One the biggest chores is migrating all of the stored mailbox data. When we migrate a customer from EIMS (Eudora Internet Mail Server) or another product to ECM, the migration must go through a IMAP to IMAP process using imapsync. With a hardware only change, there is no format change, so it’s just a matter of copying data. Well, how do you efficiently copy tens of gigabytes of mail data with tens of thousands of folders and hundreds of thousands of files?
rsync
but not just any old rsync. Here is the command I ended up using after culling through a bunch of web sites looking for the most efficient way of making the connection:
rsync -av -e “ssh -c blowfish” –delete root@newserverIP:/var/mail/data/1* /var/mail/data/ &
rsync -av -e “ssh -c blowfish” –delete root@newserverIP:/var/mail/data/2* /var/mail/data/ &
rsync -av -e “ssh -c blowfish” –delete root@newserverIP:/var/mail/data/3* /var/mail/data/ &
Several items of note here:
- the -a switch is an “archive” option meaning that rsync will maintain all file permissions and dates as best as possbile.
- the -e switch and -c blowfish tell rsync that when using ssh to communicate with the other system to have ssh use the blowfish cipher. Blowfish is a very fast block level cipher that is well suited to bulk data transfers.

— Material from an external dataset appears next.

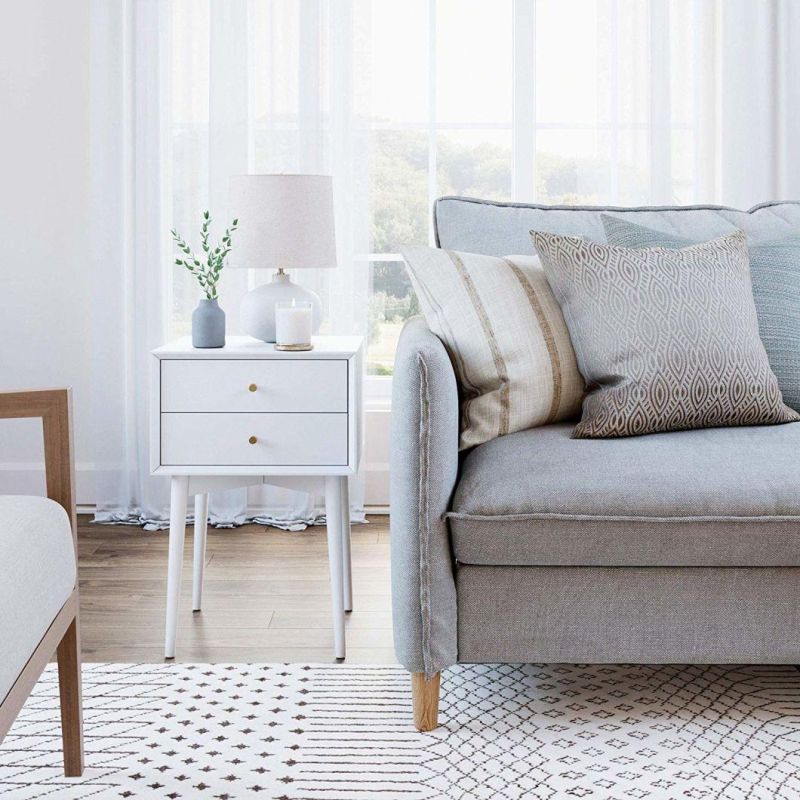 White High Leg Side Tables 2-Drawer Storage Space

- the –delete switch tells rsync to delete anything in the target that is no longer in the source. This will be become important on the second pass (see below)
- The multiple forked rsync calls can all run simultaneously as each set of directories picked up by numerical wildcards (ECM Maildir data is stored primarily by site id) will have some different folder contents/data sets to work on. The system will settle down and balance itself out between network and disk activity amongst the various processes. This makes sure all parts of the system are utilized to their fullest.
- We make these calls based on having a passwordless ssh pre-setup between the servers.
- We make two passes with this set of commands. Once to pre-load the data to the new server, and then once again at the cutover point. The second time there should be much less data to actually move over the network.